I haven't posted since June any particular "remembrance" of Christina Grimmie on the 10th day of the month, which has become a custom for me personally.
This does not mean that I have forgotten about her. Quite the contrary. This has been a time of great change and great sorrow for me, as my mother passed away on July 3 even as I continue to grieve for my father's death in 2019.
Both my parents have gone forward toward that fulfilling and definitive encounter with the Mystery. Even in the light of Jesus Christ — who reveals and communicates to us the healing, forgiving, and transforming love of the Mystery, who teaches us to call God "Our Father" by the grace of the Holy Spirit — we still walk by faith in this world and not by sight. Without the accessible presence of those we love most in this world, those who have guided us from our first footsteps, there is an unavoidable sense of sorrow and even a new sense of "loneliness." Even though they are "not far" from us, even though it is "only for a season," even as our hope in eternal life grows stronger, still it is difficult to walk this part of the human journey.
We are called to "lose ourselves" in order to find ourselves again in the Kingdom of God, in that inheritance which our Brother Jesus Christ, the Father's Son, offers us a share. It is a mysterious inheritance, beyond our limits in ways we can't imagine, but that we know are good. Life and death are mysterious, but ultimately they are the mystery of indestructible love.
Many who have gone before us — passing beyond the life of this world — still shine for us like lights, like stars that seem distant and yet can be surprisingly warm. They remain our friends who encourage us to persevere, and who wait for us to join them when our labors in this world are done. My parents are now among them, and I have an inkling of their nearness even in the midst of the "loneliness" of going on without them.
There are others whose witness continues to resonate, to reach people and help them to become stronger. The love through which they gave themselves in this life becomes in some way "greater" — as a very particular and personal affection that shares in the boundless love of the Heart of Jesus and in precisely this way (in Him) it becomes more than ever "theirs" personally, as they "find themselves" in Him who in His Resurrection is "the firstborn of many brothers and sisters."

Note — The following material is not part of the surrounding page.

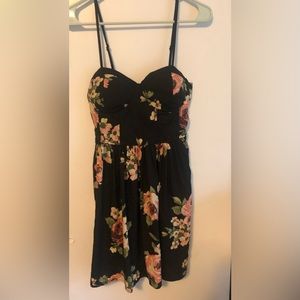 Floral black dress size M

I never met Christina Grimmie in this world. How is it that she is such an important sister in Christ, such a friend to me, such a source of hope and strength in the often-encroaching darkness that threatens us all in these recent years?
Why do I love her so much?
I have reflected upon this (here on this blog and elsewhere), but have hardly exhausted it. But I do love her, and have found her to be a constant friend. There is nothing esoteric or strange about this friendship. Rather, I think it has to do with what we call in the Apostles' Creed "the communion of saints."
And now, in these recent times, as I struggle with grief and loss such as I have never known before, Christina continues to shine on as a bright beautiful star who encourages me to go forward, to not be afraid to love.
Five years and three months after her own tragic death — while opening her arms to "welcome a stranger" (as she had dedicated herself to doing every day, with her music and her life, for the glory of Christ) — Christina Grimmie is more than ever a great inspiration and a great help to me.